And S4, importing all parameters from the Training Faces to the FC1Layer into an expression recognition initial model.

And S6, initializing parameters of the FC2 Layer and the FC3 Layer into Gaussian probability distributions p-N (0, 1).

And S8, calculating the input Training Faces through a model of the SE-ResNet50 to obtain a face feature map.

And S10, converting the two-dimensional feature map into one-dimensional face abstract features by using a full connection Layer FC1 Layer.

And step S12, carrying out linear correction on the one-dimensional face abstract features by using a full-connection Layer FC2 Layer and FC3 Layer, and outputting a result which is a Label predicted value.

And S14, updating model parameters according to the Label predicted value and the actual Label in a back propagation mode. It should be noted that the back propagation is only performed to FC1Layer, that is, only the parameters between FC1Layer and Labels are updated, not all the parameters of the model.

Repeating the steps until the parameters of the FC2 Layer and the FC3 Layer are stable, and finishing the training of the facial expression recognition model.

Alternatively, as shown in fig. 8, the expression recognition initial model forming process may be illustrated in fig. 8, in which the ArcFace Loss module and the Labels module are removed from the face recognition model 82, and the model from the Training Faces to the first connection layer is kept unchanged at a later time, and the full connection layer module and the Labels module are sequentially added after the first full connection layer to obtain the expression recognition initial model 84.

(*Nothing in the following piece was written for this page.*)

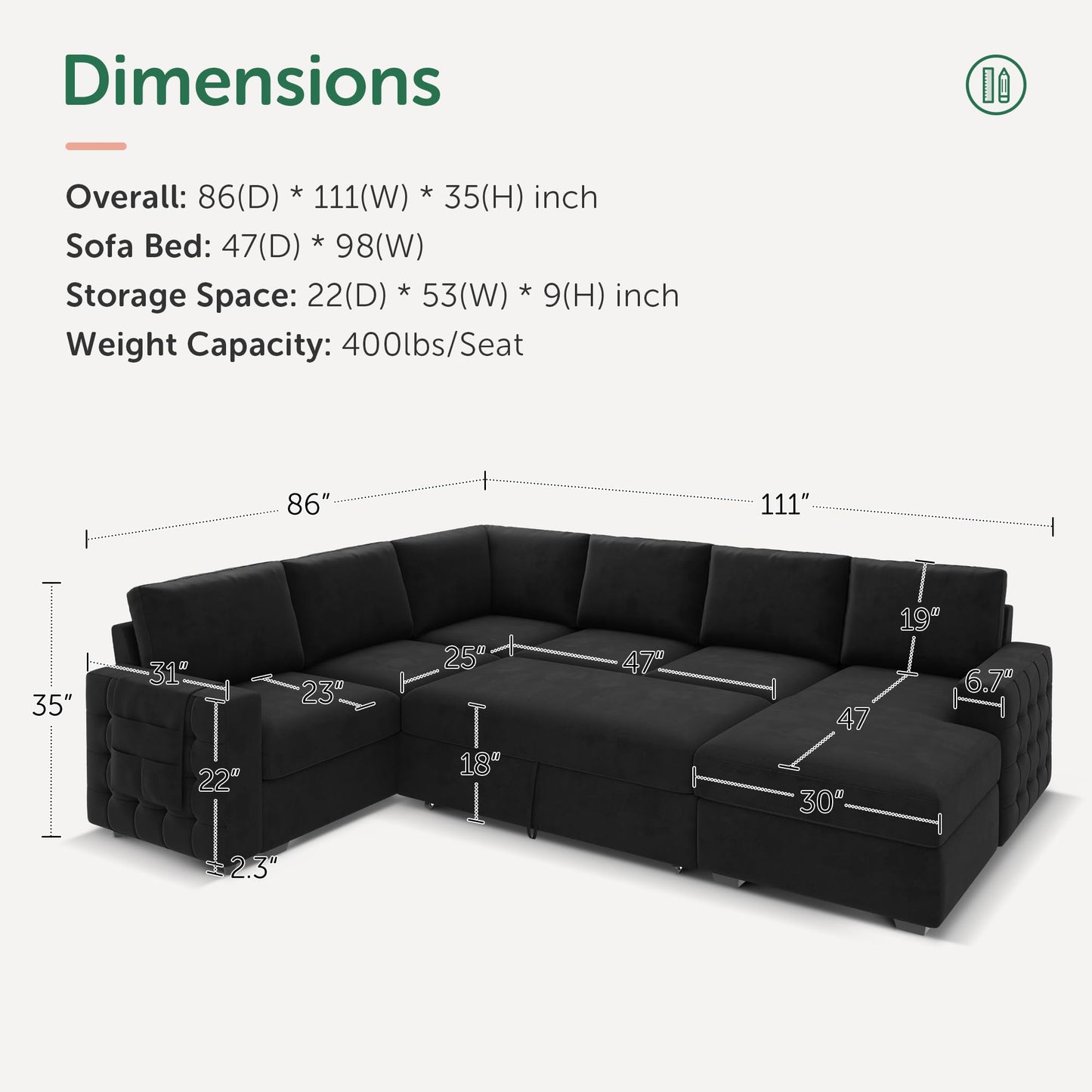 HONBAY Sectional Sleeper Sofa with Pull-Out Bed Storage Chaise, 6 Seater Couch for Living Room, Black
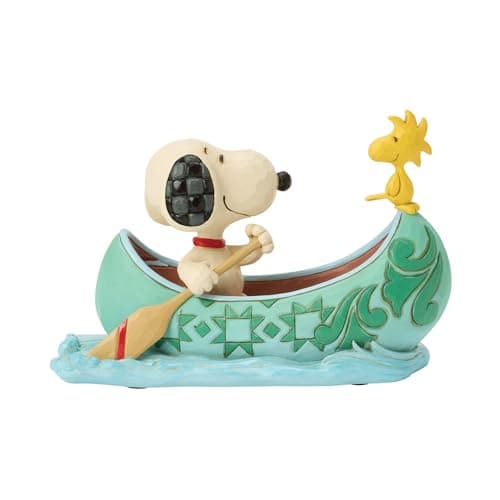 Image of Enesco Peanuts by Jim Shore Snoopy and Woodstock Paddling in Canoe Figurine, 4.09 Inch, Multicolor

In this embodiment, there is provided an expression recognition method, and fig. 9 is a flowchart of the expression recognition method according to an embodiment of the present application, as shown in fig. 9, the flowchart including the steps of:

step S902, determining a target image;

step S904, inputting the target image into an expression recognition model trained by the method according to any of the foregoing embodiments for analysis, so as to determine a target expression corresponding to the target image;

step S906, outputting the target expression.

In an alternative embodiment, inputting the target image into the expression recognition model for analysis to determine a target expression corresponding to the target image includes: correcting a face image in the target image to obtain a target corrected image; calculating the target correction image to obtain a facial expression feature map; converting the facial expression feature map into a facial expression abstract feature map; and determining the target expression corresponding to the target image based on the facial expression abstract feature map. In this embodiment, after correcting a facial image in an original image, a facial expression feature map of the corrected image is calculated, and then the facial expression feature map is converted into a facial expression abstract feature map, so that an expression corresponding to the facial expression abstract feature map is identified based on the facial expression abstract feature map, and the accuracy of expression identification is improved.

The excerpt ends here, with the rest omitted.